Across China: Solar energy-rich city accelerates green development

2022-October-29 09:34 By: Xinhua

LANZHOU, Oct. 28 (Xinhua) -- On the southern fringes of the Tengger Desert, the fourth largest desert in China, a sea of photovoltaic panels glinted blue in the sun.

While watering desert plants underneath the panels with a height of 4 meters in a photovoltaic power base, Feng Xuexi, 62, said "it is amazing I can sometimes sit in the shade and enjoy the cool in the desert."

Feng, a villager in Ronghua Xincun Village of Wuwei City, northwest China's Gansu Province, recently started to work in the photovoltaic power base, which is located in the north of Wuwei.

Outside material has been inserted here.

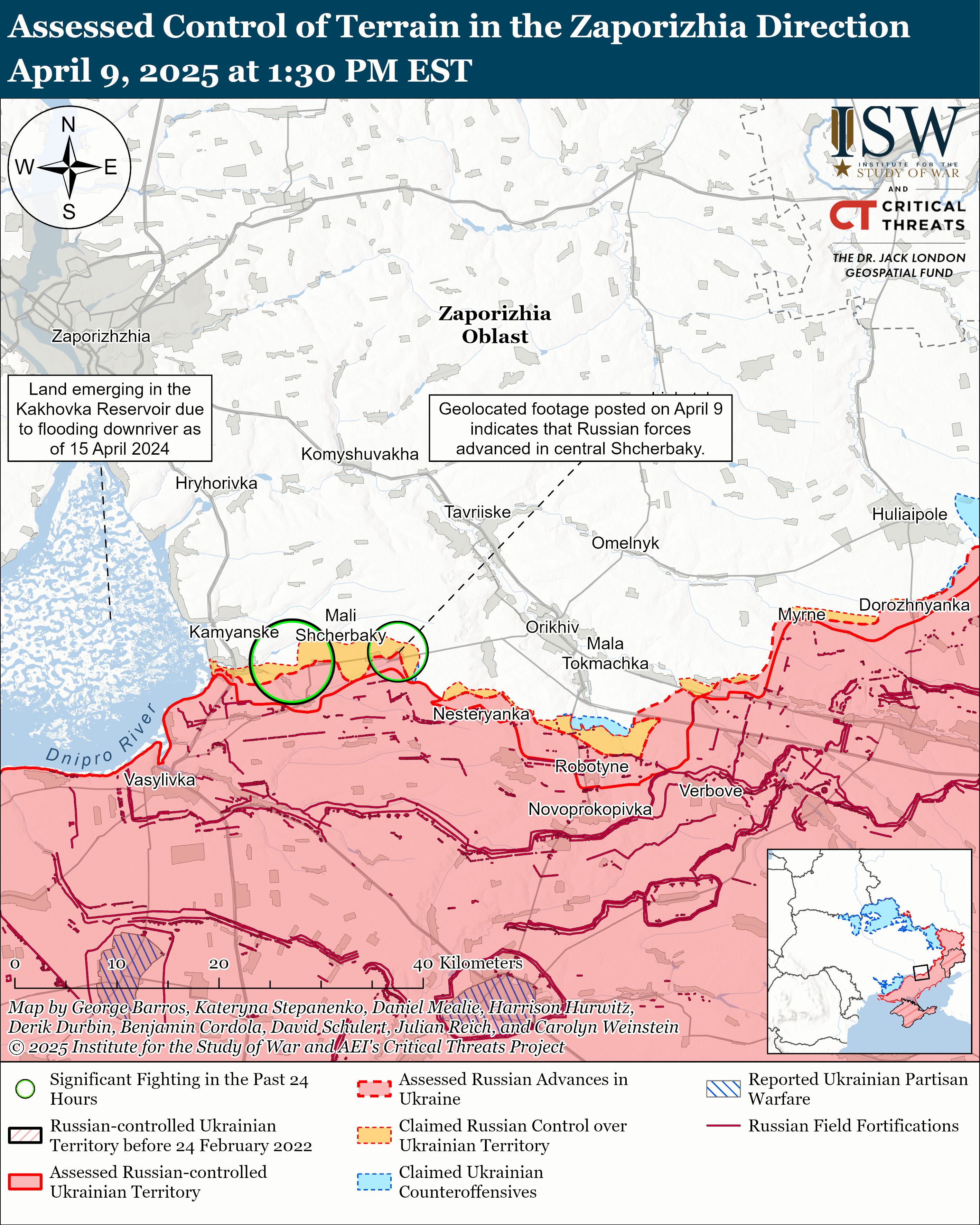 ЗСУ просунулися на двох напрямках. Ворог тисне у кількох областях: карти ISW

As soon as Feng came there, he was surprised by the upgraded approach to desertification control, which integrates solar power generation, planting, breeding, and industrial tourism.

Wuwei is located in the southern edge of the Tengger Desert. Local people have spent decades of years fighting desertification.

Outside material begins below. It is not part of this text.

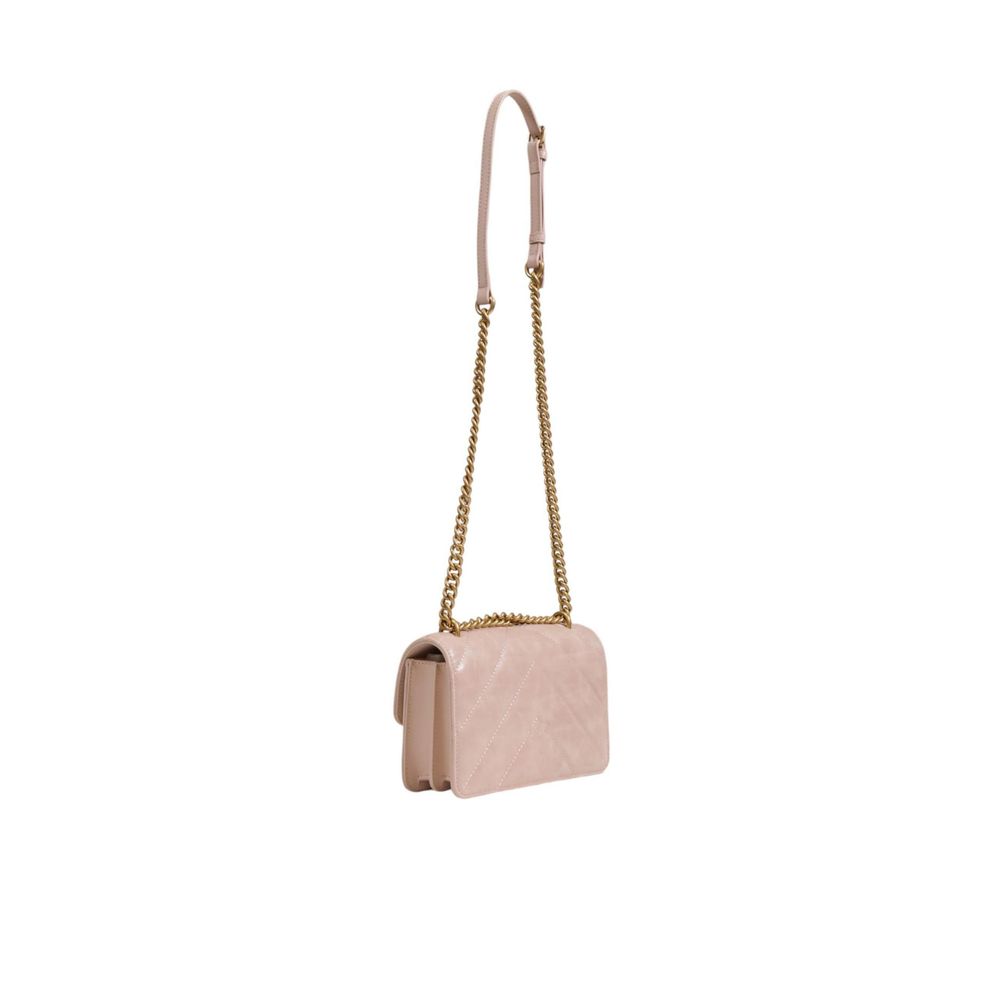 PINKO Pink Leather Handbag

Every spring and autumn, when the sand whirls frequently, Feng, together with his fellow villagers, will volunteer to join in the activities -- placing straw checkerboard barriers -- to battle the desertification.

In recent years, China has set its sights on new energy in the desert and Gobi areas and schemed to establish a series of large-scale wind power and photovoltaic bases in these areas.

Wuwei, therefore, catches the opportunity to transform abundant solar energy into green development potential. The photovoltaic power base where Feng is working is China's first batch of projects in desert areas.

Different from the floor stand of the traditional photovoltaic panel, the project in Wuwei uses cement columns to support a set of photovoltaic panels that spans 33 meters in length, according to Yin Heping with Elion Resources Group, which undertakes the construction of the project.

"In this way, we can improve power generation efficiency by 8 percent to 15 percent as well as reserve space for farm machinery," said Yin.

Yin also noted that they have installed a water-saving system consisting of drip and spray irrigation equipment and monitoring probes around the desert plants.

So far, the project has planted 80,000 pinus sylvestris and placed 21,000 mu (1,400 hectares) of straw and reed checkerboard barriers in the photovoltaic power station area.

"Some of the grass has grown to the height of my calves in two months, and it's hard to believe it can grow so rapidly in the desert," Feng said.

"Later, the output value per mu is expected to reach 4,000 yuan (about 558 U.S. dollars) as cistanche deserticola, a traditional Chinese herbal medicine, can be grafted on the desert plant rootstocks planted within the straw checkerboard," Yin said.

According to Sun Tao, a researcher at Gansu Desert Control Research Institute, developing the photovoltaic industry in the desert has positive effects on ecological protection, like collecting rainfall, reducing soil surface temperature, and improving soil moisture.

"People can take advantage of the improved soil to grow plants or cultivate poultry underneath the panels. There will be a win-win result of protecting the ecology while gaining revenues," Sun said.

After the completion of the project, it is expected to annually generate 900 million kilowatt-hours of electricity, saving 280,000 tonnes of standard coal and reducing 740,000 tonnes of carbon dioxide emissions, said Li Zhenhai, deputy director of the Wuwei municipal development and reform commission.